Stock brokers and real estate agents compete with each other, one claiming the other is better. But I look at the banks. They are no dummies. They play both sides. They have their mortgage business, and their RRSP/mutual fund business. I think we should copy the banks. Use the banks money to become small time landlords with the mortgage helper suite, and later get the RRSP. But don't fall for their mutual fund salesman for the RRSP, buy the bank stock so you can benefit from all the profit they make managing those funds.)

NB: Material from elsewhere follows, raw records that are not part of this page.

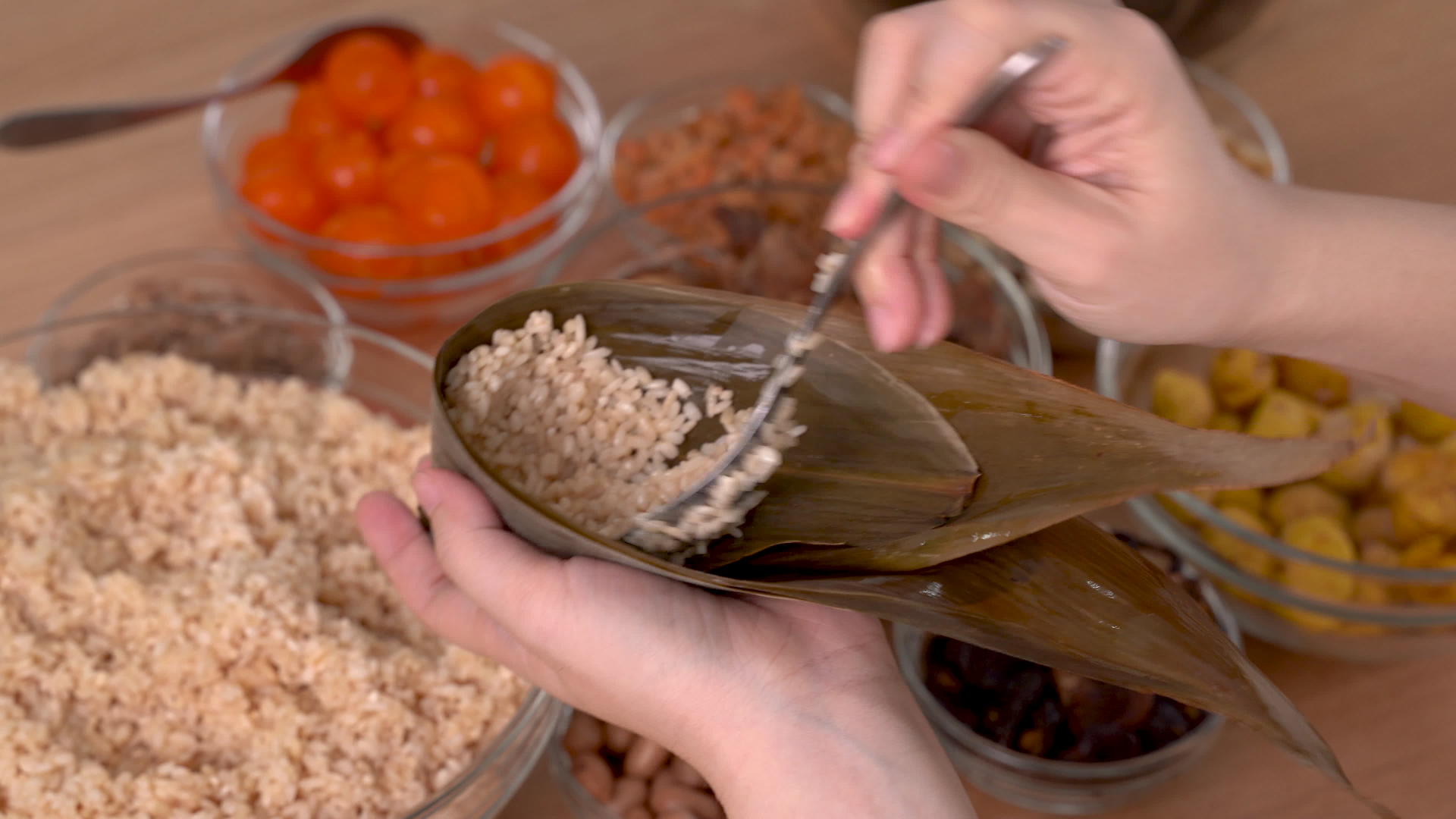 做粽子——一家人准备在家里的木桌上包一堆中餐视频的预览图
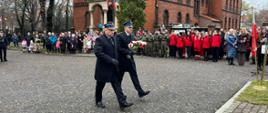 Na zdjęciu widocznych jest dwóch strażaków w umudurowaniu galowym, w płaszczach. Strażacy podczas marszu w kierunku tablicy „Pamięci tych, co grobów nie mają”. Jeden ze strażaków trzyma w rękach kwiaty w kolorze białym i czerwonym. W tle budynek kościoła, a przed nim zebrani uczestnicy uroczystości.
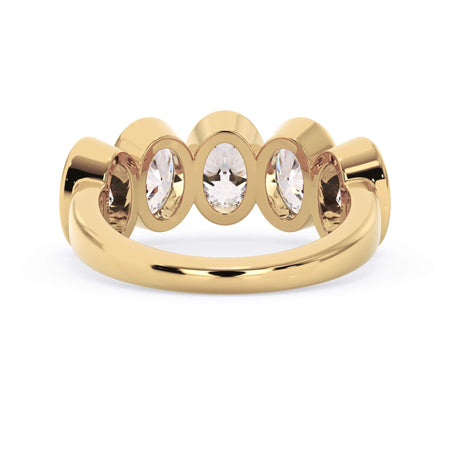 A picture of a five stone diamond wedding ring with oval shape diamonds that are bezel set in yellow gold on a white background with a view of the underside of the ring.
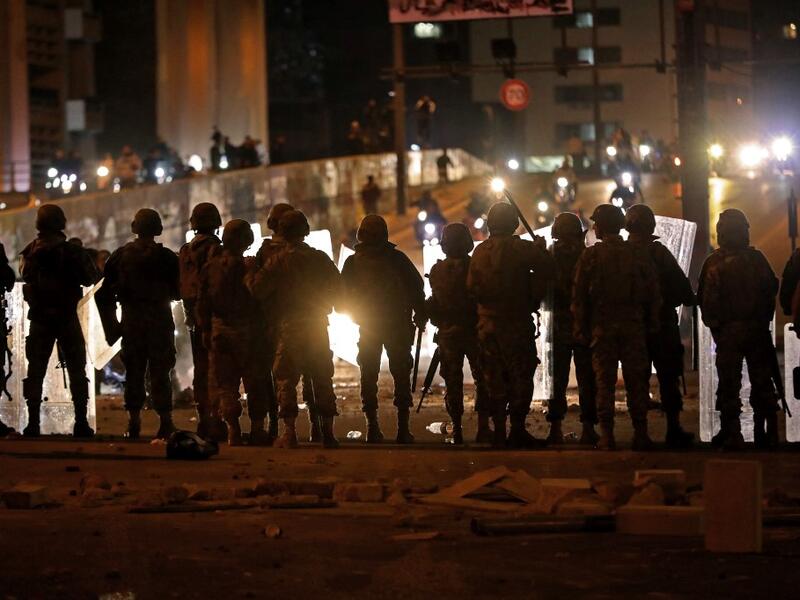 Lebanese army soldiers deploy as supporters of the Shiite Hezbollah and Amal groups arrive on scooters amid clashes with anti-government protesters in the capital Beirut (AFP)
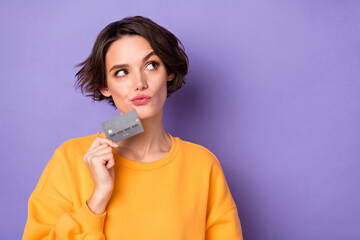 Portrait of attractive minded curious girl holding in bank card deciding copy space isolated over...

PS: get a variable rate mortgage via a mortgage broker. Put all the money you save monthly in GIC's. When your mortgage payments start to inch up with rising rates, you have the cash if you need it, in GIC's. I bet dollars to doughnuts, in 5 - 10 years you will have a ton of money in GIC's that you would not have had if you locked in at a higher rate. If you get a variable rate, and you don't have cash left over at the end of the month, you probably borrowed too much (or you spent too much at the furniture store to fill up that great big house). Budget as if you had the higher locked in rate, save the difference.


----------



## marina628 (Dec 14, 2010)

My kids are almost 11 years apart and in 2001 we were in the situation as you are now. We decided to wait a few years and in 2009 we had the home we wanted and need built ,the price difference between the two was about $200,000 and we do not regret it for one minute. There is a period of time when the kids get a bit older and they have their friends around that will drive you nuts if each kid does not have their own space ,sanity to me was worth buying up and some people consider their home a big part of their retirement because once kids are raised you can downsize and pocket a bunch of tax free money. There are people that will disagree with this idea but as long as you are not house poor and can carry the bigger payments and still be able to save something then I would not be afraid to do it.


----------



## mcoursd2006 (May 22, 2012)

Marina, I agree with you, that as long as you are not house poor and have a stable job it's not a big deal to upsize and take on another mortgage. I still go on MLS periodically, just to see what's out there in our comfortable price range, and who knows, we may decide to do it one day. We do have a contingency plan with our current home; we could turn a second floor family into a fourth bedroom. We have already finished the basement so that the kids could have more space to play with their toys. We may feel differently once the boys are in high school and bringing home friends. But hopefully we will have saved enough to upsize without taking too big a mortgage by then.


----------



## Just a Guy (Mar 27, 2012)

My first house was a sub 1000sq ft. place. The basement wasn't finished when we bought it. We had our first kid there and everything was fine, I even finished the basement doubling the space. When my wife got pregnant with our second, she decided that the place was too small and we needed to upgrade. 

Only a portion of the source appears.